AbstractConverting natural forests to agricultural lands has been widespread globally due to increasing population and the demand for food. Phosphorus (P) is often applied to agricultural lands in excessive amounts which can saturate the natural P sorption capacity of the soil, leading to P leaching and subsequent off‐site water eutrophication. We studied the effect of land‐use conversion from natural forests to tea plantations on total soil P, P fractions, and P sorption capacity in subtropical China. Compared to natural forests, total soil P concentrations increased significantly in both 0–20 and 20–40 cm depths in tea plantations, indicative of the accumulation of P fertilizer.
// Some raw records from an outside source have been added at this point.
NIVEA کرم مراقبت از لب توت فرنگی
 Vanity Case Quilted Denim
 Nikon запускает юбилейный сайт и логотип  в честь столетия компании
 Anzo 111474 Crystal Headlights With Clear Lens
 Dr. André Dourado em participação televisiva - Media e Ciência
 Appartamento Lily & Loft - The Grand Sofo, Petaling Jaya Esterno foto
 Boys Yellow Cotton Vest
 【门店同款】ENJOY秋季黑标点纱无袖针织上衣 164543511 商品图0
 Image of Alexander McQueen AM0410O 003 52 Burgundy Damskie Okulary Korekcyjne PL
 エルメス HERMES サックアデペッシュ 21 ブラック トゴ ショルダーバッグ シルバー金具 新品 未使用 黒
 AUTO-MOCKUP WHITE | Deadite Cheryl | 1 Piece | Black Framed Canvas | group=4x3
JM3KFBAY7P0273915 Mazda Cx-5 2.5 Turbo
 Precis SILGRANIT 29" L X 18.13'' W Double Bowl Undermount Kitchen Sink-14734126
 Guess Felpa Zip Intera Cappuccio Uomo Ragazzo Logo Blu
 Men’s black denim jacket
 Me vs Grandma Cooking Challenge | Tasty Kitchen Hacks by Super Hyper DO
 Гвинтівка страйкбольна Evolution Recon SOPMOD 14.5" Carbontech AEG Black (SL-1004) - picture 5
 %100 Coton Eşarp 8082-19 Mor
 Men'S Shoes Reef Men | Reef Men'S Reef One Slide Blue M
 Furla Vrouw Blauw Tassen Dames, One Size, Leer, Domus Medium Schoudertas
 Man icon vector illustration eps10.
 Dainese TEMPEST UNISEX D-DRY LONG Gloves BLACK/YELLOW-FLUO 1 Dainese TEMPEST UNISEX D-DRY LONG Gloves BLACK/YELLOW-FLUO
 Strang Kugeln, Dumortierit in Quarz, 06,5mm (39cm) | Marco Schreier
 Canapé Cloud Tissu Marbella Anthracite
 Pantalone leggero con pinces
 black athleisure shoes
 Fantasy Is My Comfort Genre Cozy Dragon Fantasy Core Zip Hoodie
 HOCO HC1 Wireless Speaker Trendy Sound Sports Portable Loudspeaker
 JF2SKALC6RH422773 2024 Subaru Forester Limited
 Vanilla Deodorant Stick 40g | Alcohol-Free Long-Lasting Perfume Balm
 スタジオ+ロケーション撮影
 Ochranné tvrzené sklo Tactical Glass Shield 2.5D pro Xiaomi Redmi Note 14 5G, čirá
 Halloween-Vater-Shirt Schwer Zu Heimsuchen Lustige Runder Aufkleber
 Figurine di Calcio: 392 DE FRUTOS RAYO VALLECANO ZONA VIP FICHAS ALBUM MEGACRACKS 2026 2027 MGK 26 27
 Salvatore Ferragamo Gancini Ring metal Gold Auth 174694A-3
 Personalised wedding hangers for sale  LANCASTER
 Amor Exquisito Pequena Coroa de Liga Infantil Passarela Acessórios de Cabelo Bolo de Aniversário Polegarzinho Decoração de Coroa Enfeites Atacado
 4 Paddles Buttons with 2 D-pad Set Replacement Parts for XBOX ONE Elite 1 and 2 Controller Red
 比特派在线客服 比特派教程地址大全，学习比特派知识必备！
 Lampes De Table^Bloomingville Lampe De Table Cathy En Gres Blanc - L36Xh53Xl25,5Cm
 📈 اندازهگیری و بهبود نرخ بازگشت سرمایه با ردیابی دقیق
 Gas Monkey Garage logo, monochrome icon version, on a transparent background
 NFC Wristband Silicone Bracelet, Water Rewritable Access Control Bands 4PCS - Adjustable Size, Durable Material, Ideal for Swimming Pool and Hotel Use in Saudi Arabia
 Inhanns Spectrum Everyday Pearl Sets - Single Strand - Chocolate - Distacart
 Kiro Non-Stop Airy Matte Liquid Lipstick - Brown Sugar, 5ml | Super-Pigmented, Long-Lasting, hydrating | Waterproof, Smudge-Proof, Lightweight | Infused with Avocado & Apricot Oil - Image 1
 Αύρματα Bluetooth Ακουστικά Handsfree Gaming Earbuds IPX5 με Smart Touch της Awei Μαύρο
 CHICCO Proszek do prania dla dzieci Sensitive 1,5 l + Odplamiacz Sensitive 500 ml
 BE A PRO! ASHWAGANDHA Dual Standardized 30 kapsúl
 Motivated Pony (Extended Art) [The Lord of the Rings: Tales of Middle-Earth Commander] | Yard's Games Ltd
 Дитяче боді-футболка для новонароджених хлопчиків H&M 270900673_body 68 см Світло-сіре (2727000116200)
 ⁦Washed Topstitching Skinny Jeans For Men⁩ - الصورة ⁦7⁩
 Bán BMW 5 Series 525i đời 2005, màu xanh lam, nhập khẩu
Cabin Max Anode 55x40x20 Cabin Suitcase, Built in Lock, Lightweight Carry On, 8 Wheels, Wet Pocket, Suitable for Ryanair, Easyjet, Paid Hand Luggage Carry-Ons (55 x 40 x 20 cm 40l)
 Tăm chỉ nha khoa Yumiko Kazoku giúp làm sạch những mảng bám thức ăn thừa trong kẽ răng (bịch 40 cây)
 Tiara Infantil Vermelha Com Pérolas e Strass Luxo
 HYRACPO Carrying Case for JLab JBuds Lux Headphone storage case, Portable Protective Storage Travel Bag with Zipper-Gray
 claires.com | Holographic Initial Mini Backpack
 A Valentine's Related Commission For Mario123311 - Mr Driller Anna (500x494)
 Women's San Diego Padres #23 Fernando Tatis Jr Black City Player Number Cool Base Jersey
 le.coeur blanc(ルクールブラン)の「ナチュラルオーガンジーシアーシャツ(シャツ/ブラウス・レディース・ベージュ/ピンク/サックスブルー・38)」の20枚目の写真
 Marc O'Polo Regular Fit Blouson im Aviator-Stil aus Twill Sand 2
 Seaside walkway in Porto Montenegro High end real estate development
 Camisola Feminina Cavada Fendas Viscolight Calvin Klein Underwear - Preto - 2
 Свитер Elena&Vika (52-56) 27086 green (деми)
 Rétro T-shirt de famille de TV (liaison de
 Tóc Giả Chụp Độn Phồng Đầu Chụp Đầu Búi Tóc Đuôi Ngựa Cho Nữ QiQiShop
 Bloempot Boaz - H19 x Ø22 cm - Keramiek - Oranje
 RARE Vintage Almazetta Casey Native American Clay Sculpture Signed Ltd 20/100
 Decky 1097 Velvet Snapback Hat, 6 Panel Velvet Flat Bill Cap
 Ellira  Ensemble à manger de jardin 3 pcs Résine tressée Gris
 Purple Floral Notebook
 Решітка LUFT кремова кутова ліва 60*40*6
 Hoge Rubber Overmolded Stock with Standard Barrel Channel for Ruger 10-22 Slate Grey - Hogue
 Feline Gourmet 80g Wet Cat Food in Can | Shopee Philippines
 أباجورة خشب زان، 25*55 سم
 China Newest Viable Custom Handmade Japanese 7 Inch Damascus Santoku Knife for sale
The increases in total soil P were primarily found in NaOH‐extractable inorganic P and residual P fractions in both depths, suggesting that P fertilizer was sorbed and occluded into more stable forms due to the high abundance of sorbents (i.e., iron [Fe], aluminum [Al] minerals, and clay). Across all soil samples, oxalate‐extractable Fe was the best predictor of soil maximum P sorption capacity (r = 0.94, p < 0.001). Surprisingly, the conversion from natural forests to tea plantations decreased both oxalate‐extractable Fe concentration and soil maximum P sorption capacity, hereby increasing the degree of P saturation in soils. Depletion of P sorbents (i.e., soil amorphous Fe) is likely a consequence of Fe removal through tea production and soil erosion, indicating soil degradation. Plantation soils have also shown other signs of degradation including the loss of nutrients (e.g., total soil nitrogen and oxalate‐extractable calcium) and soil organic matter. Our results demonstrate that the conversion of natural forests to tea plantations reduced the ability of the soil to sorb P by both saturating the natural P sorption capacity and depleting P sorbents. Soil degradation resulting from land‐use conversion has increased the environmental risk of P leaching loss, emphasizing the need for improved P fertilization management.